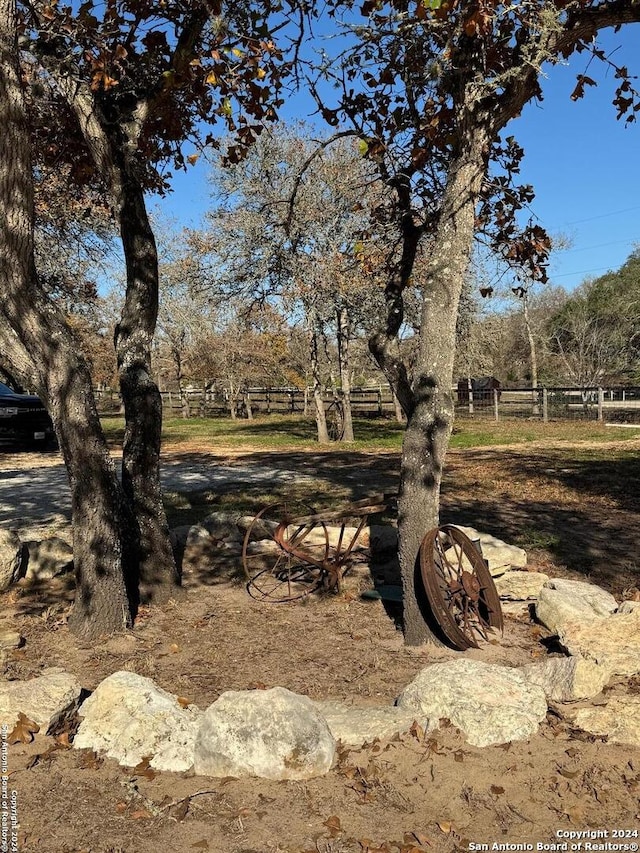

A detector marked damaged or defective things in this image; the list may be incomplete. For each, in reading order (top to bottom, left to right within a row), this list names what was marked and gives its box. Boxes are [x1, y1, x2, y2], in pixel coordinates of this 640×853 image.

rusty metal wagon wheel [328, 398, 348, 440]
rusted spoked wheel [240, 502, 330, 604]
rusty metal wagon wheel [240, 502, 330, 604]
rusted spoked wheel [420, 524, 504, 648]
rusty metal wagon wheel [420, 524, 504, 648]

------------------------------------------------------------

- [Task to carry out]: Your task is to copy the entries in full and exactly, without any images.

- [Expected answer]:
A detector marked damaged or defective things in this image; the list may be incomplete. For each, in reading order (top to bottom, left to right within a row), this list names what was marked and gives its box. Boxes are [x1, y1, x2, y2], in pixel coordinates of this 640×853 image.

rusty metal wagon wheel [328, 398, 348, 440]
rusted spoked wheel [240, 502, 330, 604]
rusty metal wagon wheel [240, 502, 330, 604]
rusted spoked wheel [420, 524, 504, 648]
rusty metal wagon wheel [420, 524, 504, 648]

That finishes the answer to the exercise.